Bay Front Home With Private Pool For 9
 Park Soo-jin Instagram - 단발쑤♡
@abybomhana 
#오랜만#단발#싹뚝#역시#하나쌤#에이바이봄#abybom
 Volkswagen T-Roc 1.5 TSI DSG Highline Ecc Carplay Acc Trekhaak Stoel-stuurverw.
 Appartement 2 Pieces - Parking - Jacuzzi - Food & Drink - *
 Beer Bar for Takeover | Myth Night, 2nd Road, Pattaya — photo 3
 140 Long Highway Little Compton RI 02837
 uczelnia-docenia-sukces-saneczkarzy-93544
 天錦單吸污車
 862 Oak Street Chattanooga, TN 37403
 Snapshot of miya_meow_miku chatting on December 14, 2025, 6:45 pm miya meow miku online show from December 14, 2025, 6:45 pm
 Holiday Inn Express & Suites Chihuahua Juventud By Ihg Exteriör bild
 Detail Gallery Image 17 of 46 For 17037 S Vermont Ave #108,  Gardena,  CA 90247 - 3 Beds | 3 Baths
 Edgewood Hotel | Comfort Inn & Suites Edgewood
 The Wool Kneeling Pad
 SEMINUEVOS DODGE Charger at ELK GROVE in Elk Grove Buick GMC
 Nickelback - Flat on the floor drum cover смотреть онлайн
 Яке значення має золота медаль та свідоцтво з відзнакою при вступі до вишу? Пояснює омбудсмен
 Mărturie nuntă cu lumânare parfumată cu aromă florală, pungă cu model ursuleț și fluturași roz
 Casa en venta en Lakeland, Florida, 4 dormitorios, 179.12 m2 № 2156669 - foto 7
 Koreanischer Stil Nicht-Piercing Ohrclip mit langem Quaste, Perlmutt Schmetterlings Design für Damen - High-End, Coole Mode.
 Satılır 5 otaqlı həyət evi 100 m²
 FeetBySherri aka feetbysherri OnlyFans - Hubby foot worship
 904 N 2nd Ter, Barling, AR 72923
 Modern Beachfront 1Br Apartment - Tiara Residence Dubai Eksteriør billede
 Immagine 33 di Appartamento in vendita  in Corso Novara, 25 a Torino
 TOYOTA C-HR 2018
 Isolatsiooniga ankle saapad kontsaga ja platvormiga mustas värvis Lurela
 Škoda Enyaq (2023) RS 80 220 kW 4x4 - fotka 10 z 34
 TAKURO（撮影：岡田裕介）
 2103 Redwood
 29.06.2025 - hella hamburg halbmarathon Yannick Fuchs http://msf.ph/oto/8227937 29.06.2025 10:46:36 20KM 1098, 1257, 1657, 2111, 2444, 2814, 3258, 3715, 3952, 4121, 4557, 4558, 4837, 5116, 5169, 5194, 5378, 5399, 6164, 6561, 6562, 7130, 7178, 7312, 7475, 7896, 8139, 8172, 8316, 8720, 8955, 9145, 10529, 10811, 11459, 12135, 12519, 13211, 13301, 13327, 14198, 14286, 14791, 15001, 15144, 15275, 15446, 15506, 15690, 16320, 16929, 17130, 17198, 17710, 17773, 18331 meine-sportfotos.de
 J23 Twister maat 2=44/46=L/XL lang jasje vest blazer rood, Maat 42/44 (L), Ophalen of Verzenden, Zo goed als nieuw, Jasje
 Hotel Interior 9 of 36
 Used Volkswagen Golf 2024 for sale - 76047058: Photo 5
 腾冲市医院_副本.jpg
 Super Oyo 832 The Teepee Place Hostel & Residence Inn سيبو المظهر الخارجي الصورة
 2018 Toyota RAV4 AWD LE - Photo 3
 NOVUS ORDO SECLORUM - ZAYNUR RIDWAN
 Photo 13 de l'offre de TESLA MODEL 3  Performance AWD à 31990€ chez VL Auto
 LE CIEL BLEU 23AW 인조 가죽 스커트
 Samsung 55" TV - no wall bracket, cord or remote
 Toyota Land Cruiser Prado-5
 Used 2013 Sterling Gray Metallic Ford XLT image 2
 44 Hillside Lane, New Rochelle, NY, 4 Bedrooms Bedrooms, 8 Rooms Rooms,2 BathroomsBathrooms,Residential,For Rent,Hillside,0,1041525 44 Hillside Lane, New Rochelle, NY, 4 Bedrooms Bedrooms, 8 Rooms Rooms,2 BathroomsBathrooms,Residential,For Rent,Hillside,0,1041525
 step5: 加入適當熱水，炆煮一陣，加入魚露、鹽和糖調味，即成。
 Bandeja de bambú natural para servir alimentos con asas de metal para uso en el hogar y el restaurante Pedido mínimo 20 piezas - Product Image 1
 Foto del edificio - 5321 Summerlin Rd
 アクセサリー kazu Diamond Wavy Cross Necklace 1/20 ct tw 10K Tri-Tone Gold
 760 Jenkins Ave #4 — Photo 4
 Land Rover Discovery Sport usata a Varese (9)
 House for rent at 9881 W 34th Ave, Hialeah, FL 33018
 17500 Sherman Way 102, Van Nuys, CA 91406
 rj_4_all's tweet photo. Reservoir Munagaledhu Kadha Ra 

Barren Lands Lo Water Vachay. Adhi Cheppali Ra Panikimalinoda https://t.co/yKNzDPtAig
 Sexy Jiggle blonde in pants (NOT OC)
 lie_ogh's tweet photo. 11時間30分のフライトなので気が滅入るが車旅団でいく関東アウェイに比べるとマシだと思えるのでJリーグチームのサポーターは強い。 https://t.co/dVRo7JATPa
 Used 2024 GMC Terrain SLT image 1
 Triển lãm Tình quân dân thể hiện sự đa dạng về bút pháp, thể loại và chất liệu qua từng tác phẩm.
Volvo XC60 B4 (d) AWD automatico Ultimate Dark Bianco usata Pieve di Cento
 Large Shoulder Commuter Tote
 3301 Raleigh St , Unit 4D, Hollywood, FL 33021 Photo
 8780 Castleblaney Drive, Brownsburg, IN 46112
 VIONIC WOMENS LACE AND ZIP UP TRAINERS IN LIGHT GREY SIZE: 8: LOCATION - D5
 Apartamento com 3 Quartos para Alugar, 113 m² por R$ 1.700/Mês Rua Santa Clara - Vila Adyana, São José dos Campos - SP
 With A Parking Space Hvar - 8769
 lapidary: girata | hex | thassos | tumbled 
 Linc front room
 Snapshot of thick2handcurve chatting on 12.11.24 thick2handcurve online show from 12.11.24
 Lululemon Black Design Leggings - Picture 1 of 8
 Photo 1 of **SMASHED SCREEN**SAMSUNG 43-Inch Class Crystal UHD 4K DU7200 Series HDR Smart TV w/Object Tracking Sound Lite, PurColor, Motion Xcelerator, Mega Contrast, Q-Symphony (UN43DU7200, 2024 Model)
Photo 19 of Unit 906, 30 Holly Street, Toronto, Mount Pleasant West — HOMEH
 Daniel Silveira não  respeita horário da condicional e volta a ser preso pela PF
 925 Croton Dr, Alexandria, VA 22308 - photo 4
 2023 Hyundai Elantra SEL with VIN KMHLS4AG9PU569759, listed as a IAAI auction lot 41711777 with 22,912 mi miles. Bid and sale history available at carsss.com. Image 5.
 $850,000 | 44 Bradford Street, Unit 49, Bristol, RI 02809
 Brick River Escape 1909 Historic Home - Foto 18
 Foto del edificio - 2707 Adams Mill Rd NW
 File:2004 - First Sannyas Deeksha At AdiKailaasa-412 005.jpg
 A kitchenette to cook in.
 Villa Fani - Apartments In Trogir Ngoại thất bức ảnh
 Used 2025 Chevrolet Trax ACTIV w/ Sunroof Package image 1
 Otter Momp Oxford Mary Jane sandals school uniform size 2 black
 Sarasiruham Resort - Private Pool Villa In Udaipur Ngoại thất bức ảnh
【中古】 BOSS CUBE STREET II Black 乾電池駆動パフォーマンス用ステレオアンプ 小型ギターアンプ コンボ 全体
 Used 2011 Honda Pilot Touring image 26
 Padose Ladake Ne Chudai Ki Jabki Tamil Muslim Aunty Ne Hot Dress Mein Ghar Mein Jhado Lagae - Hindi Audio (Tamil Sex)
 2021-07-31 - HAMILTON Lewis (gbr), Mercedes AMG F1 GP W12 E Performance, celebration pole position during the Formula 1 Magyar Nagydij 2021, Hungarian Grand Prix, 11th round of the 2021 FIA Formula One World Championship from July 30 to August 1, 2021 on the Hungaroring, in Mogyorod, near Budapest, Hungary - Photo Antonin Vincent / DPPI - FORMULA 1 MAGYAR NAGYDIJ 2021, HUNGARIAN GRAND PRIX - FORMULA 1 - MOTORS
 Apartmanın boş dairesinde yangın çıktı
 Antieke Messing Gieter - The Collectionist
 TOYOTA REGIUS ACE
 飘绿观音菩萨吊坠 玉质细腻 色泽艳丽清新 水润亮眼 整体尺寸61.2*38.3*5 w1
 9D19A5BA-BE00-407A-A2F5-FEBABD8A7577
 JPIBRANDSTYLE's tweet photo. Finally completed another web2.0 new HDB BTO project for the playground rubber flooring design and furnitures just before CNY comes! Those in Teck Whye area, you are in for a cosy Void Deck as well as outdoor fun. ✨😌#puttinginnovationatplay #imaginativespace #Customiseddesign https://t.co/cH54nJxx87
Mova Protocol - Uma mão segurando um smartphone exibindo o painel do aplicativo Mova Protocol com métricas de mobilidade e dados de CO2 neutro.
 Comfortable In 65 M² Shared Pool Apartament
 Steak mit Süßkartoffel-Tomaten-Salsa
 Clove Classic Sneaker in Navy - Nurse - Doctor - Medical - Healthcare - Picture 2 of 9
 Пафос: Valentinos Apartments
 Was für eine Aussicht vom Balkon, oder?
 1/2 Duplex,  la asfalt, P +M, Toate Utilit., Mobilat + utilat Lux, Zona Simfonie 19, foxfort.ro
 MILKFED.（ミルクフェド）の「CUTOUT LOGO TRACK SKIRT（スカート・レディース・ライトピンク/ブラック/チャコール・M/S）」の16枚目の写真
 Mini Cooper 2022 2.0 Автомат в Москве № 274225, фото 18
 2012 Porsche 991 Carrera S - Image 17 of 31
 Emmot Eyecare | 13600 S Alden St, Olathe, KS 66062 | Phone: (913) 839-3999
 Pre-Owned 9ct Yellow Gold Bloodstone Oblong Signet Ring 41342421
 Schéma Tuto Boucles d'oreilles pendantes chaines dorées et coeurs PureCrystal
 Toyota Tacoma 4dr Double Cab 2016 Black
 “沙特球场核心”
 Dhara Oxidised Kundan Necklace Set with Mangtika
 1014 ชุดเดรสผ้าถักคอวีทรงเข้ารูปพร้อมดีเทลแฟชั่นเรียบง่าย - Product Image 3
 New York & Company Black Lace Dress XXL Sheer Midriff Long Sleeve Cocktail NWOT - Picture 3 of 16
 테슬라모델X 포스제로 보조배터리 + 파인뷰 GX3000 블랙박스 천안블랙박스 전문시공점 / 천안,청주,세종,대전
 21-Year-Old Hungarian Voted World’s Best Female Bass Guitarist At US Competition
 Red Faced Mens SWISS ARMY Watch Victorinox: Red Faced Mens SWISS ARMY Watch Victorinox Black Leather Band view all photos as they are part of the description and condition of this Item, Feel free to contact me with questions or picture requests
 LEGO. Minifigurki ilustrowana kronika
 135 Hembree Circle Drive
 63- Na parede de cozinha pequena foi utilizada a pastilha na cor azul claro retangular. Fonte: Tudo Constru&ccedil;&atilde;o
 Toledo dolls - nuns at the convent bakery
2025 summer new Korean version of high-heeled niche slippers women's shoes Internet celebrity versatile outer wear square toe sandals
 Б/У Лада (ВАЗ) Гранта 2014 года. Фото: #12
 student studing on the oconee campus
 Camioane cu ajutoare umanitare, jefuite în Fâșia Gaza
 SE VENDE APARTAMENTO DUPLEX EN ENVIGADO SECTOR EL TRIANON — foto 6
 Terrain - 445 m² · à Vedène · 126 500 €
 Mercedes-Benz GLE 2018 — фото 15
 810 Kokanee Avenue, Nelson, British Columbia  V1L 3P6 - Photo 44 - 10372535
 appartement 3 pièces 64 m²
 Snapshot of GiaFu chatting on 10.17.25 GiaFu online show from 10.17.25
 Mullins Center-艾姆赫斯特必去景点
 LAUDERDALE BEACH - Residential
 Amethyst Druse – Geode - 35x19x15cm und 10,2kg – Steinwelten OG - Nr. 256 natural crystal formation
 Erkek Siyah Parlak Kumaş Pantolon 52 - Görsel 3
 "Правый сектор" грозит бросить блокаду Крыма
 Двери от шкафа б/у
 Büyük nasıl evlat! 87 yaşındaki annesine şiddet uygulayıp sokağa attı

* [Task directions]: Find and copy each line of the material that holds the word "usata".

* [Answer section]:
 Land Rover Discovery Sport usata a Varese (9)
Volvo XC60 B4 (d) AWD automatico Ultimate Dark Bianco usata Pieve di Cento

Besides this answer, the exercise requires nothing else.